# DATA

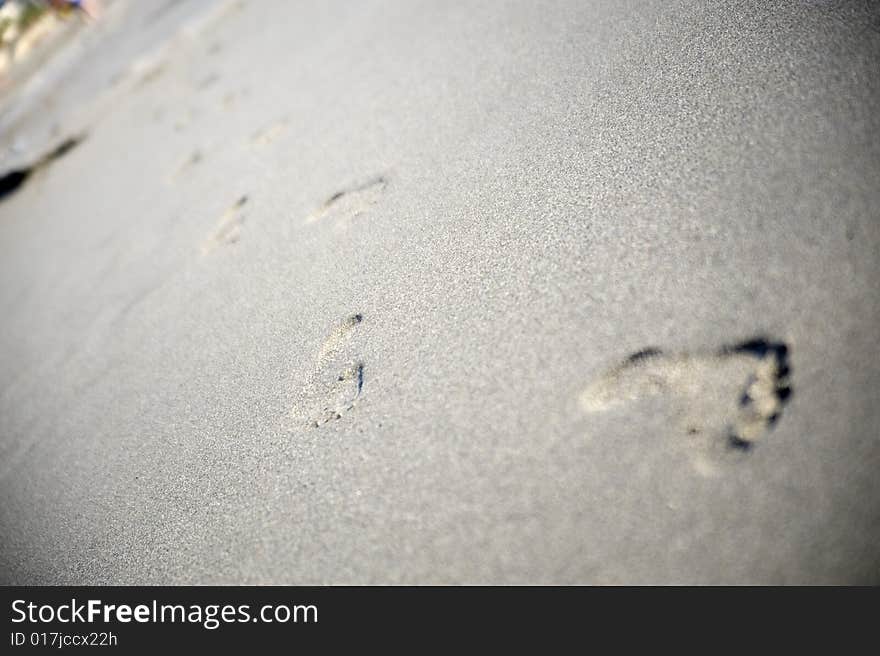 Few footprints on gray sand. Few footprints on gray sand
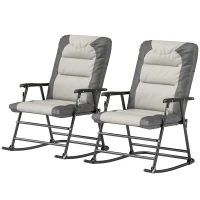Outsunny Folding Rocking Chair Set of 2 Padded Rockers with Armrest, Light Grey(m-11)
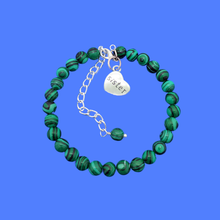 Load image into Gallery viewer, handmade natural gemstone sister charm bracelet (green malachite) shades of green and black stripeor custom color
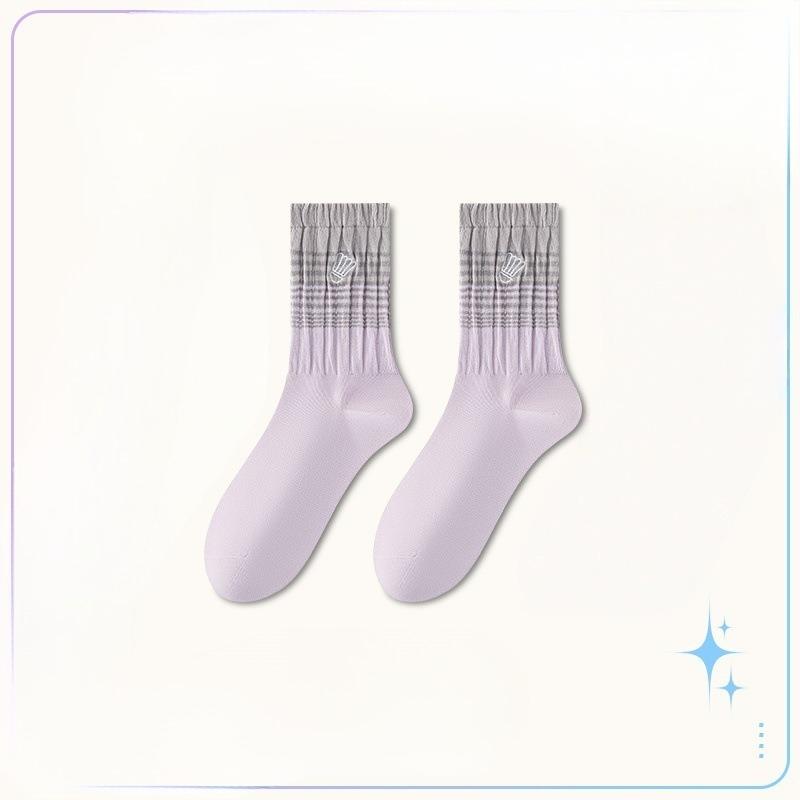 Female Spring and Autumn Gradient Color Embroidery Sweat Absorbent Breathable Boneless Anti Pilling Tube Stack Socks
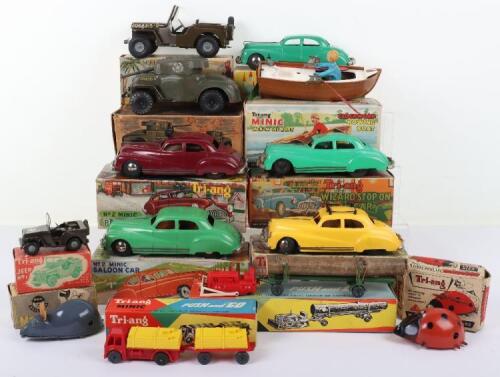 Collection of Tri-ang Minic No.2 cars and Army vehicles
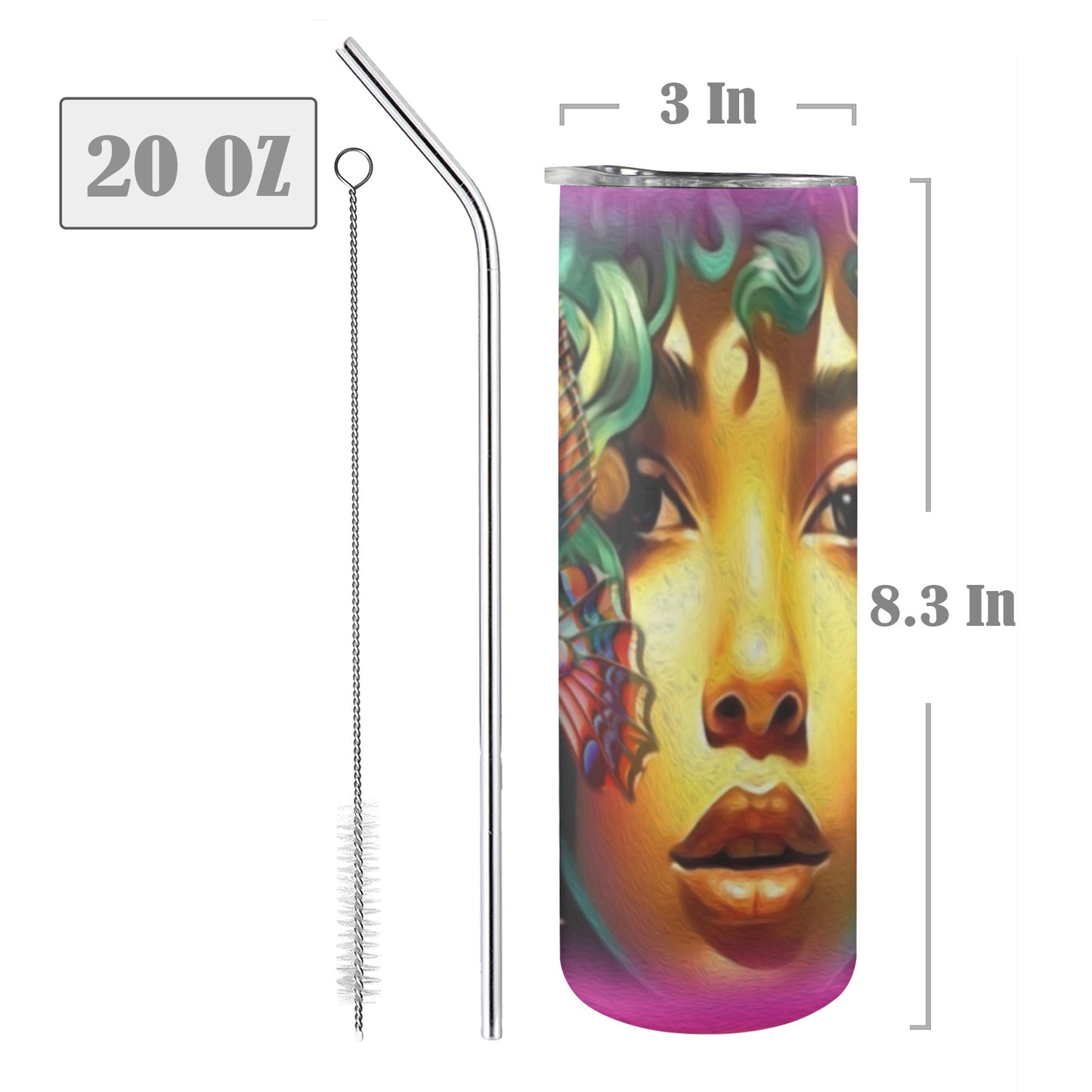 ALIM4U- A131 Drinking Cup 20 oz 20oz Tall Skinny Tumbler with Lid and Straw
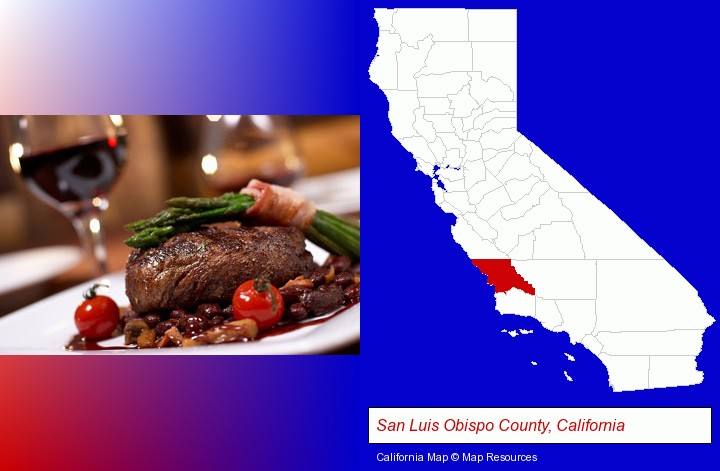 a steak dinner; San Luis Obispo County, California highlighted in red on a map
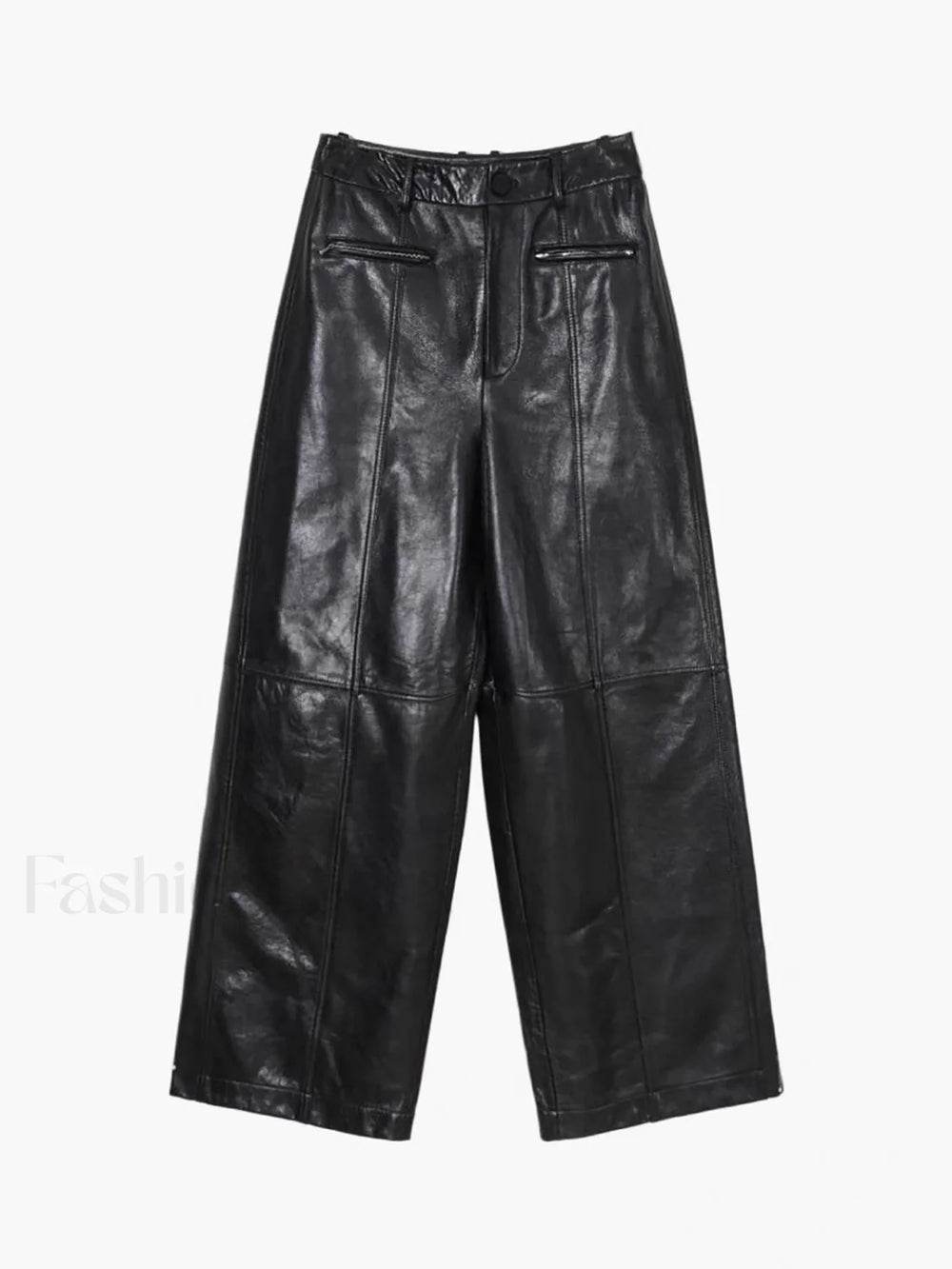 Zippered Faux Leather Trendy Straight Leg Mid waist Pants Pants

# BRIEF
Repeat the listing exactly, minus its pictures.

# ANSWER TO THE PROBLEM
 Few footprints on gray sand. Few footprints on gray sand
Outsunny Folding Rocking Chair Set of 2 Padded Rockers with Armrest, Light Grey(m-11)
 Load image into Gallery viewer, handmade natural gemstone sister charm bracelet (green malachite) shades of green and black stripeor custom color
 Female Spring and Autumn Gradient Color Embroidery Sweat Absorbent Breathable Boneless Anti Pilling Tube Stack Socks
 Collection of Tri-ang Minic No.2 cars and Army vehicles
 ALIM4U- A131 Drinking Cup 20 oz 20oz Tall Skinny Tumbler with Lid and Straw
 a steak dinner; San Luis Obispo County, California highlighted in red on a map
 Zippered Faux Leather Trendy Straight Leg Mid waist Pants Pants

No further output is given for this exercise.